The company declined to say what it spent on buying and renovating the building at 8016 N. Division. Huppin visited numerous consumer electronics stores nationwide and tried to combine the best elements in this location, he said.

The building was once the home of Magnolia Hi-Fi, then became the Furniture Superstore. Huppin joined an LLC partnership that bought the building last year and began planning the remodeling.

“We started with a plain shell, which gave us the chance to take the design to the next level,” Huppin said.
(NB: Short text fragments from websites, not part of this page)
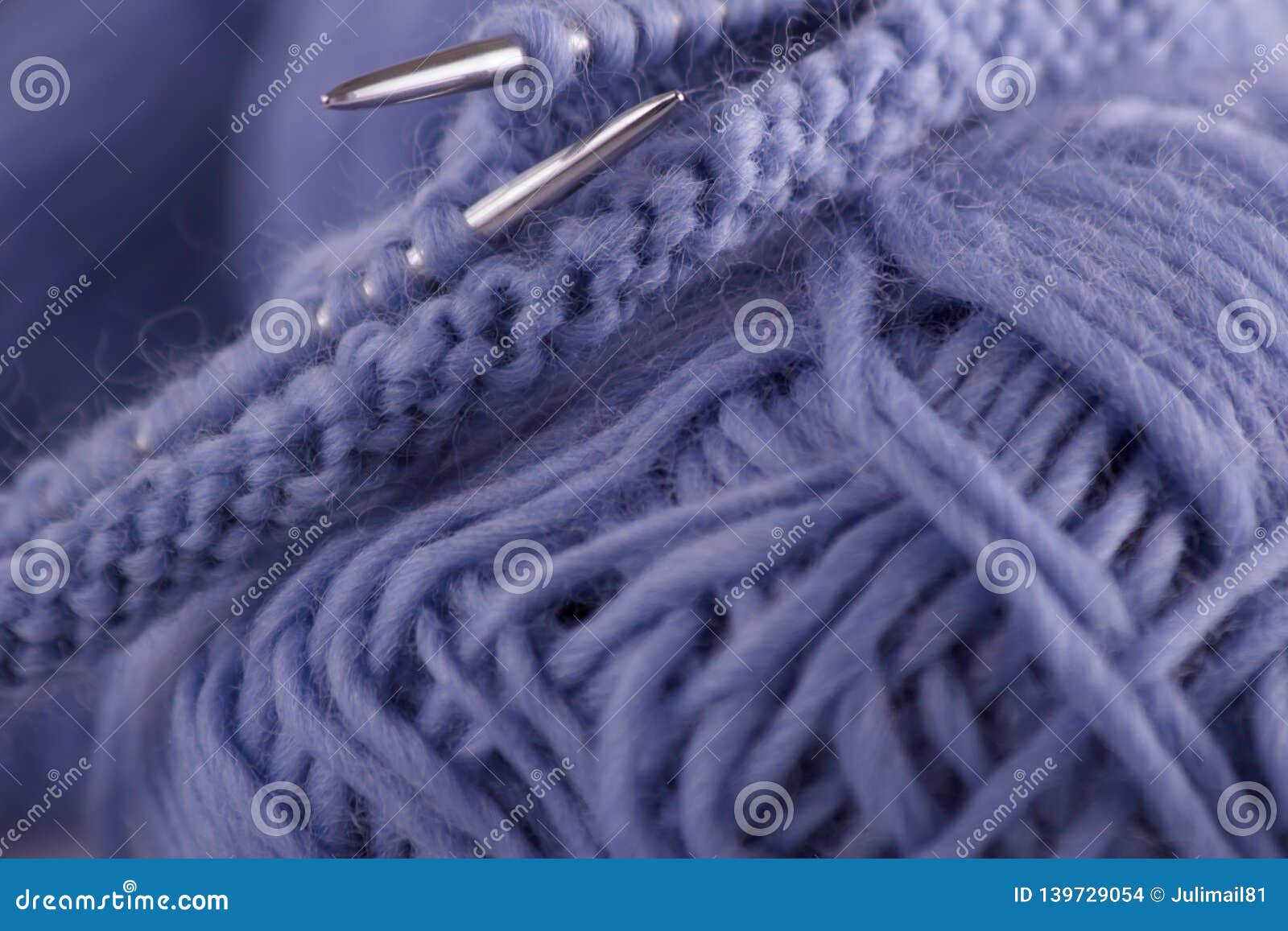 Close-up on the Balls of Blue Knitting Yarn, Knitting Needles and ...
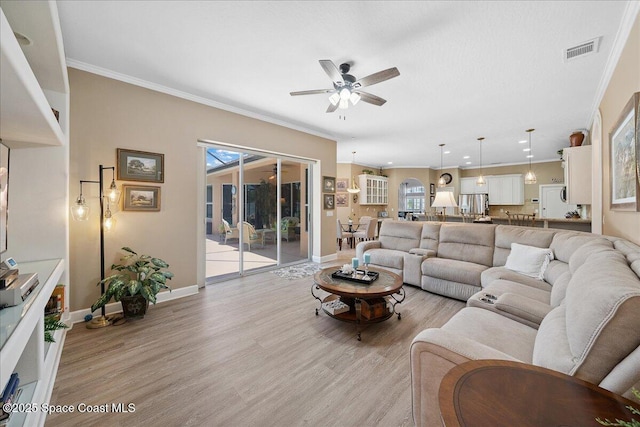 3616 Peninsula Cir, Melbourne, FL 32940 - living area with ceiling fan, light wood-style floors, ornamental molding, plenty of natural light, and recessed lighting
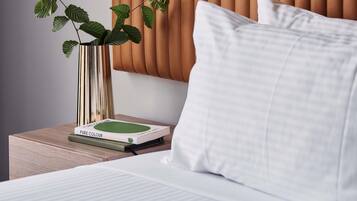 Una cama bien hecha con un almohadón blanco y un libro verde titulado 'PURE COLOUR' sobre una mesita de noche de madera.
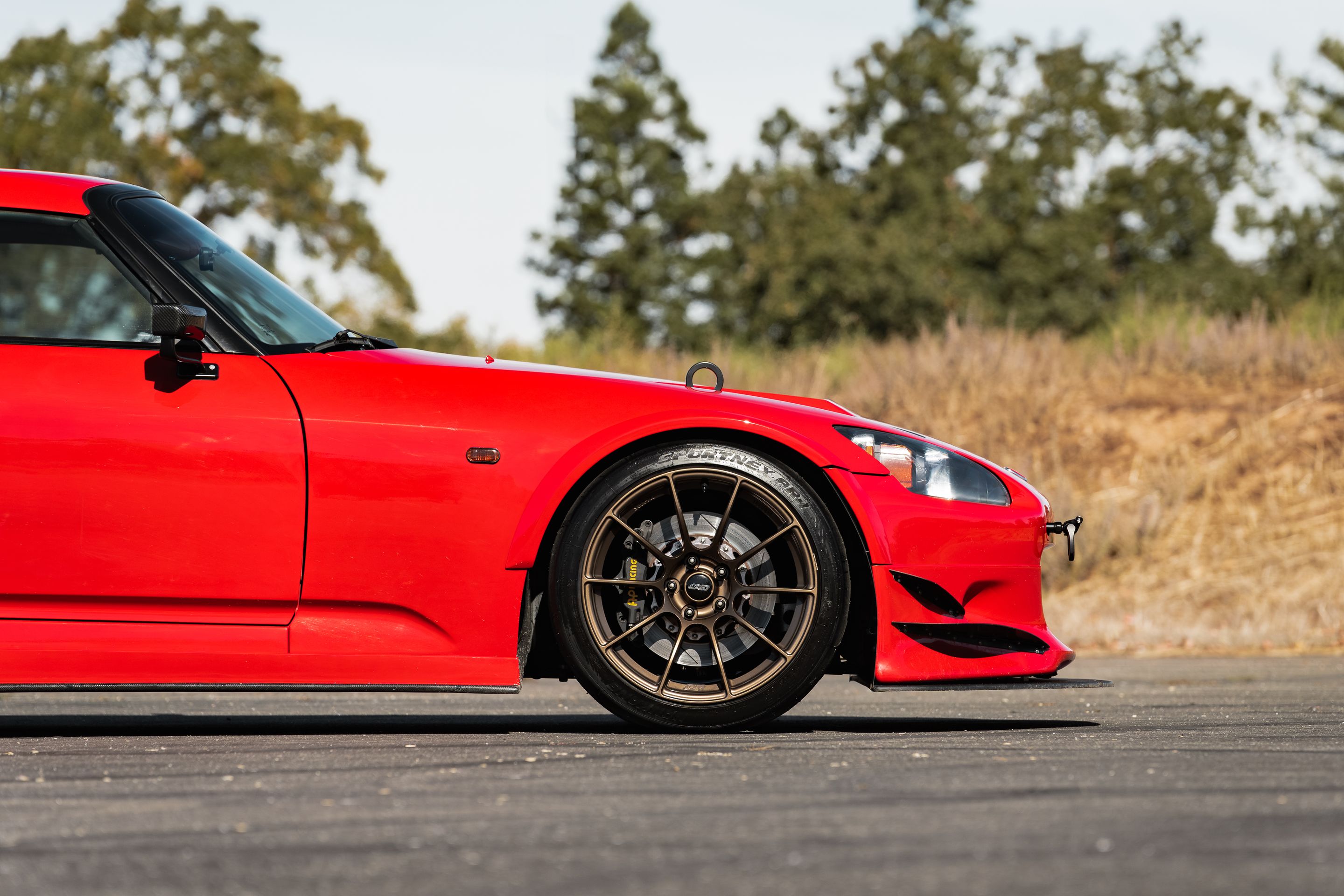 Red Honda S2000 with 18" SM-10RS Apex wheels in Satin Bronze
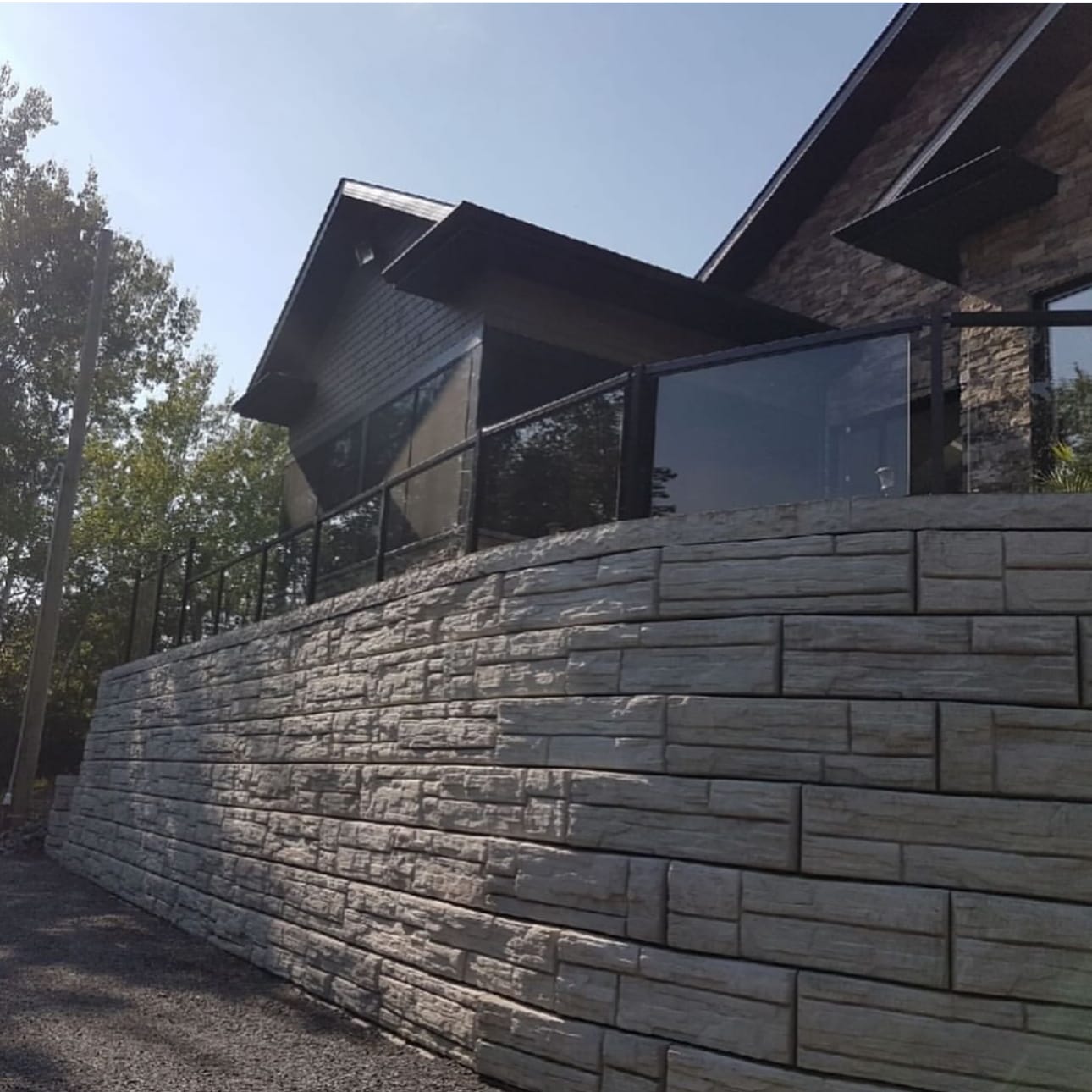 Tall stone-look block retaining wall below a house, with a black-framed glass railing along the top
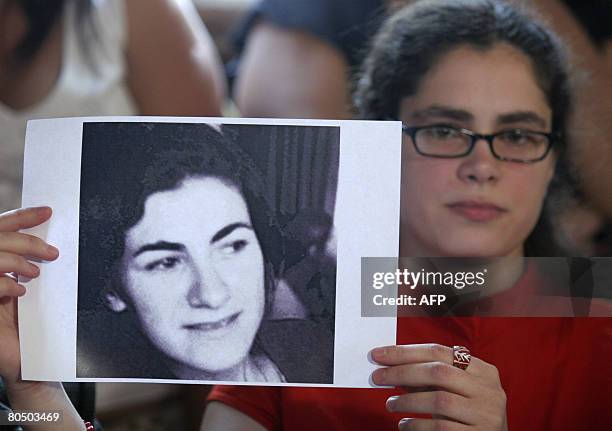 Argentinian Maria Eugenia Sampallo Barragan, daughter of "disappeared" people and stolen herself upon birth, shows pictures of her biological mother...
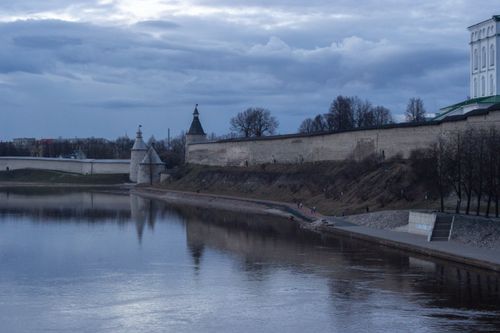 Free Scenic view of Pskov Kremlin and surrounding walls reflecting in the calm river. Stock Photo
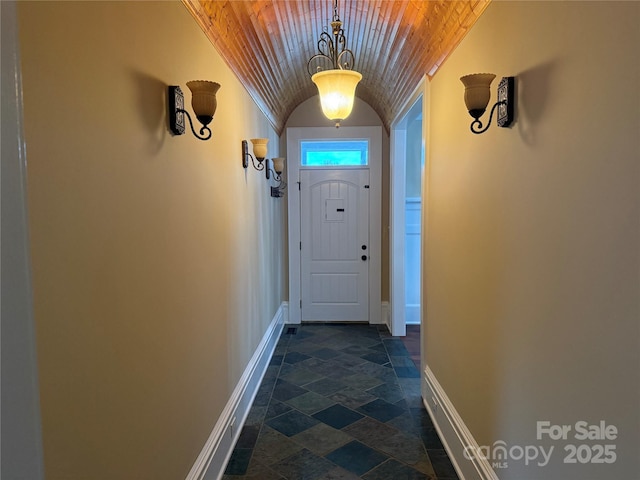 doorway with wood ceiling and vaulted ceiling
Huppin’s downtown store, on West Main, has been cobbled together, he said.

“There are four separate old storefronts where our downtown store is now,” he said.

In the new store, two rooms showcase home theater systems and higher-quality HD TVs, speakers and accessories.

One large display is devoted completely to headphones; the store will stock more than 200 headphones, with many priced below $20 but ranging up to premium headsets like the Grado PS1000, which retails at $1,695.

That focus stems from market research that shows people now spend more per capita on headphones than on speakers, Huppin said. “The headphone business is all about fashion, style and motion,” he added.

Huppin said the store also will focus on showing customers how to use technology to share photos, music, video and information easily from one device to another.

The new store will have a staff of about 20 people.

Huppin said that the company still is “very committed to the downtown store,” noting that the two stores will offer essentially the same merchandise and service.

“One big difference,” he said, “is the North Division store will have 120 parking places.”